Meanwhile, the onlookers are transformed into several species of insects that will otherwise not be discovered for several more years, and only in the distant Labyrinthine Rainforest; save for the father, who becomes a potted shrubbery.


At the summit of the seven quarters of Canterlot, the White City and the City of the Princesses, stands the silver and blue Palace of the Moon. Near the center of the palace, a hundred meters north (and several more west) of the throne room, stands a tower taller than all the rest. Atop this tower is a grand observatory, accessible only to the Princess and her favored guests. And in a balcony atop the great dome of the royal observatory stands the Princess Etheria, Steward of the Moon and Regent of the Sun, Crown Princess of Equestria, Firstborn of Fate, and champion of the annual Canterlot Karaoke Festival seven-hundred-and-twenty-eight times running.

She sees a great explosion from the direction of her sister's school, followed closely by a terrible roar.

She takes wing, and she would very much like to believe that her face does not betray an inch of her inner panic.


In a small hamlet in the Everfree Lowlands, known for little more than its proximity to the dreaded Everfree Forest and a modest but steady tourist industry, a pink unicorn filly has just finished participating in a primary school play. As is the wont of such plays, the performance was mediocre at best but was at least occasionally amusing, and the students are falling off of the performance high and entering the just-as-traditional post-performance funk.

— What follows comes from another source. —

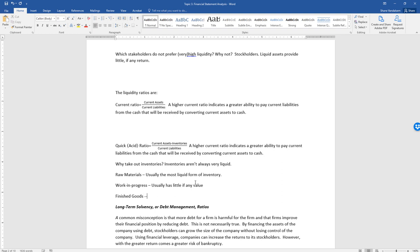Finished goods have somewhat questionable value, especially in liquidation, because if a company is being liquidated they're trying to sell assets very quickly and must mark down prices significantly. There may also be a reason the firm is in bankruptcy — the inventory just isn't something people want. For these reasons, we generally take out inventories when looking at the liquidity of a firm because the value of those inventories can be questionable.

As for the filly herself, no word in the English language better describes her than 'pink'.

Now, all her friends are all frowny-wowny that the play wasn't a big hit, but a sudden rainbowey-explosion-thingy outside gives her a super-duper-fantastic idea. Party!

Party party party get some punch from the teacher's lounge party party c'mon everyone I've got something to cheer you right up party party party ooh that prop would look just fantastic over there party party party party!

When the following shockwave destroyed every window in town eight-and-a-half minutes later, Pinkie Belle's party barely slowed down.


In the town marketplace, an earth filly is once again attempting, and failing, to sell per family's produce by attempting, and, once again, failing, to overcome her crippling shyness and social phobia.

Her coat is a canary yellow, and her light pink hair is tied in a braid down her back, over which she wears her father's stetson.

Just as her older brother (blue maned, white coated, and the subject of fervent female admiration even at his age) is about to show his little sis mercy, again, a strange, blinding light suddenly shines down from the Canterhorn and just as suddenly vanishes.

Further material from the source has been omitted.